COUR D’APPEL de CHAMBÉRY

Chambre Civile – 1re section

Arrêt du Mardi 28 Février 2017

RG : 15/01269

Décision attaquée : Jugement du Tribunal de Commerce d’ANNECY en date du 06 Mai 2015, RG 2014J43

Appelante

SAS CURIOZ LOISIRS prise en la personne de son représentant légal en exercice domicilié en cette qualité audit siège, 228 route de Paris – XXX

représentée par la SCP CORDEL BETEMPS, avocats postulants au barreau de CHAMBERY et la SELARL OSTIAN COOK QUENARD, avocats plaidants au barreau de GRENOBLE

Intimé

M. B Z

né le XXX à XXX

représenté par Me Stephane COERCHON, avocat au barreau d’ANNECY

— =-=-=-=-=-=-=-=-

COMPOSITION DE LA COUR :

Lors de l’audience publique des débats, tenue en rapporteur, sans opposition des avocats, le 09 janvier 2017 par Monsieur Philippe GREINER, en qualité de rapporteur, avec l’assistance de Mme Sylvie LAVAL, Greffier,

Et lors du délibéré, par :

—  Monsieur Philippe GREINER, Président

- Monsieur Pascal LECLERCQ, Conseiller,

- Madame Alyette FOUCHARD, Conseiller

— =-=-=-=-=-=-=-=-

La société CURIOZ LOISIRS, sis à LA BALME DE SILLINGY, a été créée le 14/06/2011 et a pour activité le commerce de véhicules type « camping cars ». Au 31/08/2012, son chiffre d’affaires était de 14.532.000 euros, et elle employait 17 salariés.

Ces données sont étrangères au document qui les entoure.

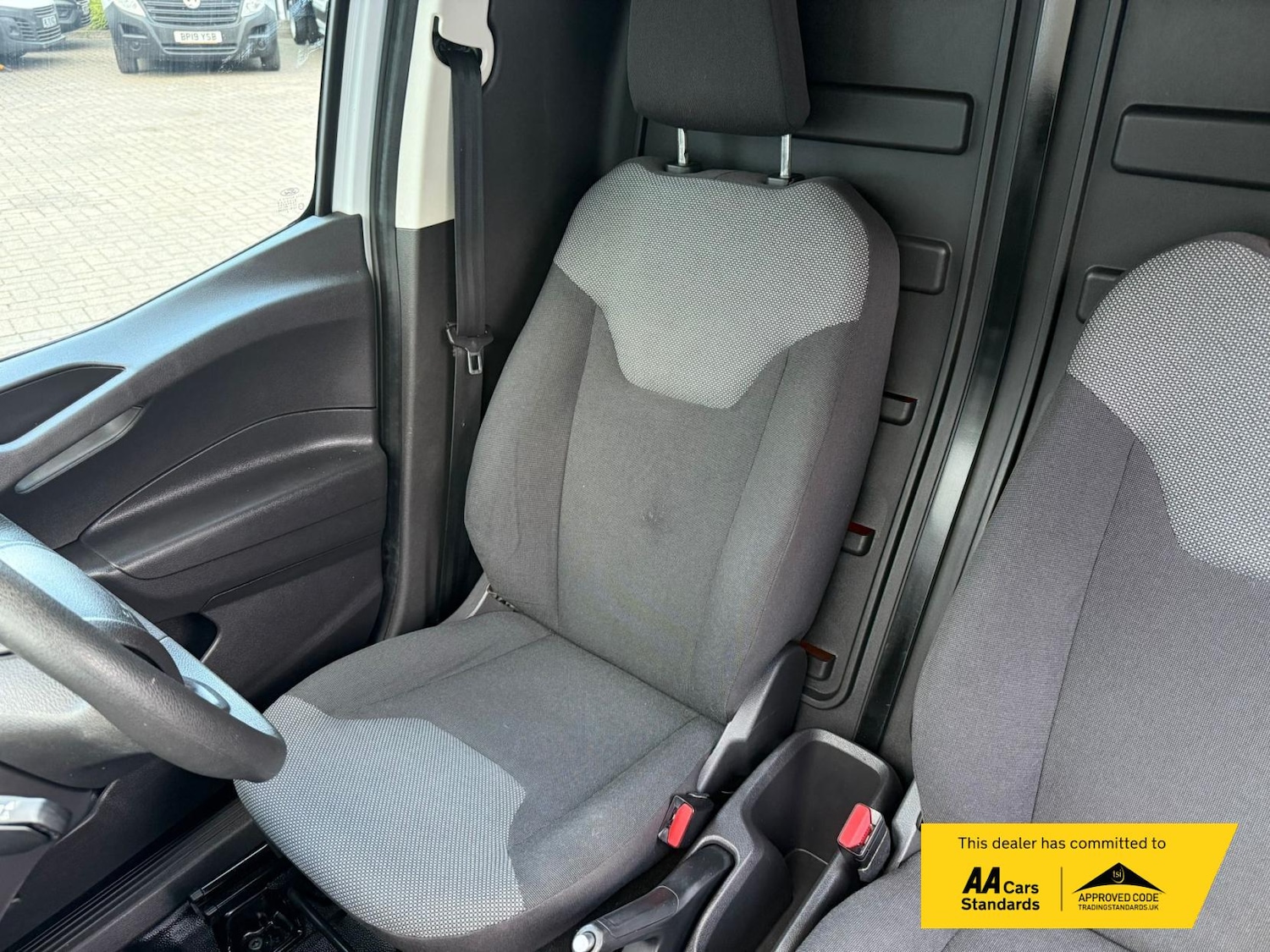 Used Ford Transit Courier 2019 for sale - 78085658: Photo 15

Le 11/10/2005, elle a embauché M. X en qualité d’employé d’atelier, avec pour tâches les réparations sur les véhicules, le montage d’accessoires, les travaux électriques et mécaniques, la maintenance et le dépannage, le contrat de travail stipulant que le salarié s’engage « par ailleurs à consacrer toute son activité professionnelle à l’entreprise, et à ne pas prendre d’autre activité professionnelle, rémunérée ou non, sans autorisation écrite ».

Dans un rapport du 12/09/2013, l’agence C D, mandatée par la société CURIOZ LOISIRS, indique que les lundis 23/09 et 14/10/2013, elle a constaté que le véhicule de M. X arrivait à 9h 05 dans l’entreprise FLASH SERVICE CAMPING CAR, sis à Chavanod, (74) et qu’un homme correspondant au signalement de M. X pénétrait dans les locaux de l’entreprise.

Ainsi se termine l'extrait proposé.